ACTIVITY. Your reply should be one number: how many lines of the records below contain the string "Services".

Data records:
=== Begin Enclosure ===
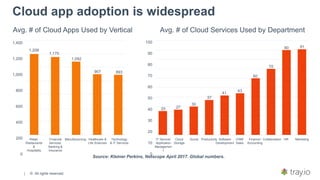 | © All rights reserved.
Cloud app adoption is widespread
Source: Kleiner Perkins, Netscope April 2017. Global numbers.
Avg. # of Cloud Apps Used by Vertical Avg. # of Cloud Services Used by Department
1,400
1,200
1,000
800
600
400
200
0
1,206
1,170
1,092
907 893
Retail,
Restaurants
&
Hospitality
Financial
Services,
Banking &
Insurance
Manufacturiung Healthcare &
Life Sciences
Technology
& IT Services
100
90
80
70
60
50
40
30
20
10
0
IT Service/
Application
Managemen
t
Cloud
Storage
Social
25 27
30
37
41
43
60
70
90 91
Productivity Software
Development
CRM/
Sales
Finance/
Accounting
Collaboration HR Marketing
=== End Enclosure ===
RESULT BELOW. 3